How to Teach Your Kids Self Advocacy Skills– Part III Helping Your Child When S/He Resists Help
From our last two posts, we can begin to teach our kids that asking for and accepting help are actual key skills in learning to advocate for their own learning. But parents often want to know what to do when their child resists asking for help or refuses help when it is offered. Here are a few concepts to consider when working with your child on accepting help in order to be able to help him/herself well.
What do I do when my child resists help?
First, we have to decide if the behavior is more typical reluctance, informative resistance, or patterned defiance. Let’s start with these simple definitions.
From a psychological standpoint, all actions are functions of emotional states, especially if they are less conscious.These behaviors in children are all active forms of communicating “NO.” So first ask yourself what emotions are most prevalent in your child’s NO.’ Then ask yourself what function is the NO serving. You may have to read between the lines and guesstimate what your child’s nonverbals are saying. Here are some examples.
Reluctance is an unwillingness or disinclination to do something–it relates to feeling hesitant or timid.
Example 1: Your child shrinks away at drop-off, and says “No, I don’t want to go.” [This is Reluctance–The underlying communication is I’m scared and feeling unsure or hesitant.]
For Reluctance, we try to address the worry and hesitation so that our child is more soothed and can use his skills to calm and move forward with the expectation. When it comes to helping our child accept help easier in this circumstance, we will need to focus our attention on soothing a child’s worry and uncertainty in order to help him/her feel calm enough to be able to speak up or feel open to another person’s helping efforts.
Resistance is the refusal to accept or comply with something, which may relate to opposition, yet could signal an aversion of lack of acceptance.
Example 2: Your child avoids doing his/her math homework by jumping around and acting silly. She/He makes jokes and distracts. He says with his behavior, No way, not doing it now. Not ready. [This is Resistance and could point to a need that isn’t being met. He isn’t accepting the expectation for homework time. There could be an unmet need there in his body, his environment, his focus, etc.] A parent who is trying to get his/her child to accept help in this instance might offer choices around what strategies would calm the child’s body (unmet need) before offering a suggestion or help. For example, “Hey, I notice your body is wiggly. You can either bounce on the bouncy ball for 5 minutes or do 5 minutes of jokes with me before we start. Which one do you choose?.
For Resistance, it is best to try to understand what the child is communicating underneath their refusal.

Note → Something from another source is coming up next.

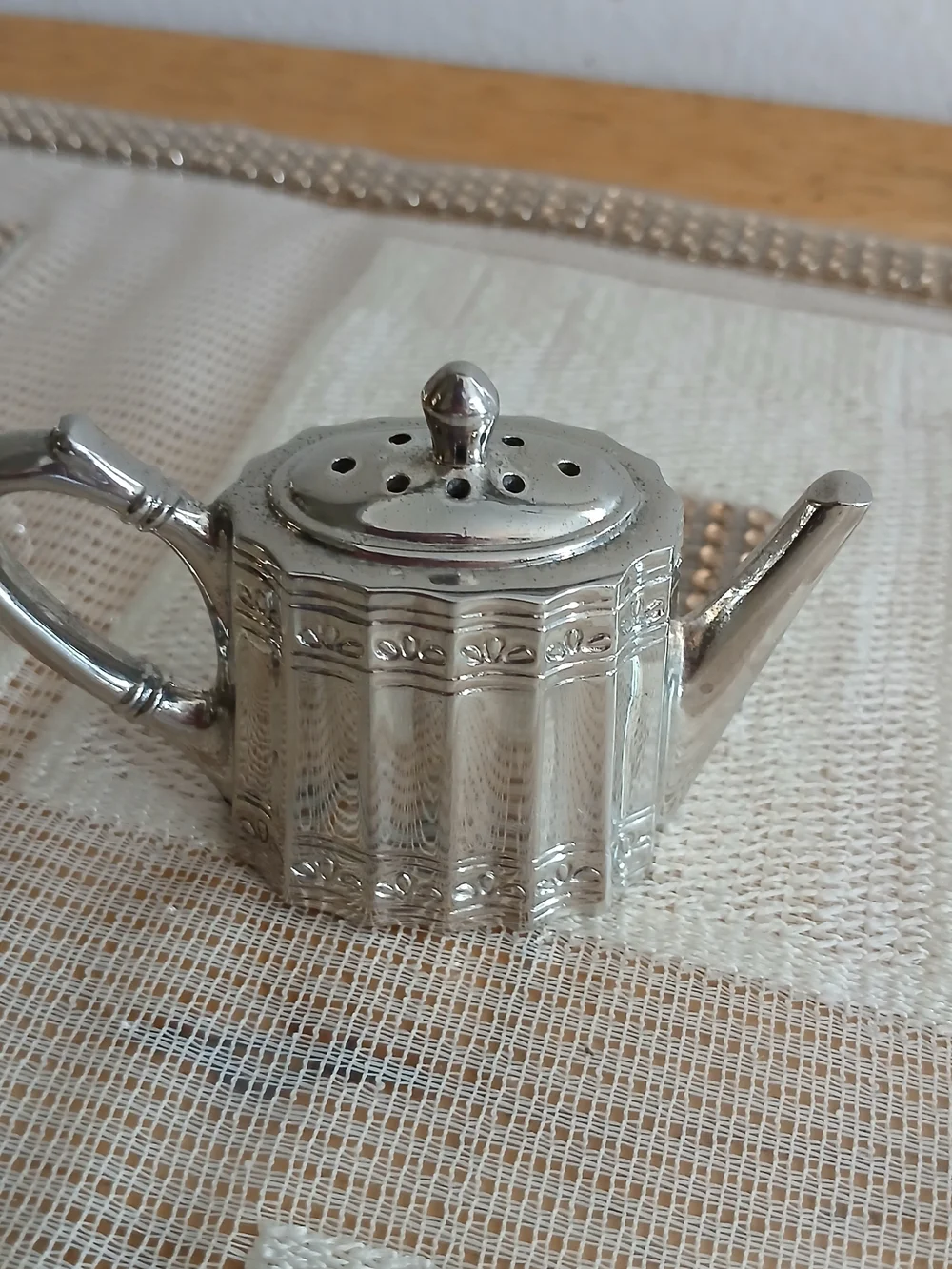 Silver Plated Salt And Pepper Shakers By Godinger Style vnt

Kids are often less aware of their reasons for refusing when they are resistant. You can either try a quiet 2-way conversation with your child to try to discover what the underlying feelings and thoughts are. Or, if your child doesn’t know and can’t engage in a conversation with you, you can guesstimate on your own and try to lean into the resistance to shift your child’s behavior. It is similar to when you were walking with your toddler somewhere and they wanted to go in one direction and you needed to go in the other. If you stop pulling and walk with them a few steps, then you can often redirect them on your path. Helping a child who is resistant in this instance would require labeling the unmet need, giving a clear choice, and then asking for feedback once the child has reset. Then (hopefully) your child will receive your offer for help better than when he was reacting to something he didn’t understand.
None of this easy, and most of us don’t have time for all these nuanced interactions. Yet, pick and choose when you do have time and energy and see if these strategies make a difference in teaching your child that accepting help is part of being independent.

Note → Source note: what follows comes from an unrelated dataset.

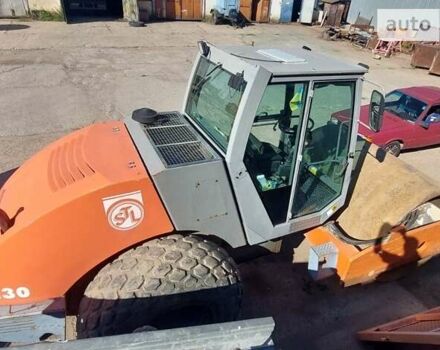 Желтый Атлас AW, объемом двигателя 4.5 л и пробегом 1 тыс. км за 41900 $, фото 2 на Automoto.ua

Lastly, Defiance is bold disobedience and shows up in children as angry, irritable or complex behaviors.
Example 3: Your child often refuses to go to camps that you sign him up for. He has meltdowns in the mornings about the one thing that upset him, loses it, and will not get in the car. Later you find out that he was worried about a new expectation from camp and was confused about what was required of him. He does better attending the next day, yet you know there will be another incident like this again.[This behavior signals Defiance because it is complicated, patterned and filled with lots of anger.]

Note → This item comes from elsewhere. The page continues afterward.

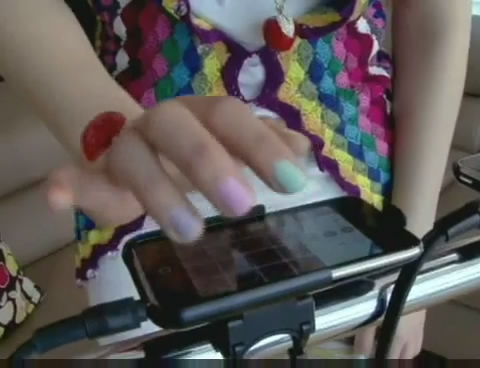 Imitate Lady Gaga using iPhone by Apple Girl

For Defiance, it is a bit harder. Don’t get me wrong–all kids show some level of defiance as they grow strong personalities and minds. It is not a sign that your kid is bad. It does signal that your child may need different ways to manage and communicate their angry, confused feelings. It could also signal that there are some untreated issues that are driving the defiance (i.,e ADHD, depression, learning issues, etc.). Defiant behavior is often a patterned or learned way of coping. Therefore, it requires more work. As a parent in this situation, it is often good to let your child know that you know they are angry (i.e hurt, upset, feeling out of control), yet you are still committed to helping them, and that you will seek help for them when they can’t. Good words to use here are, I know you might not know how to help yourself. Yet, I’m here and willing to help you. I can also ask for more help when we need it.
In sum, self advocacy skills are both taught and learned over time. So don’t worry about getting it absolutely perfect! You will get plenty of opportunities to practice this with your kids:))!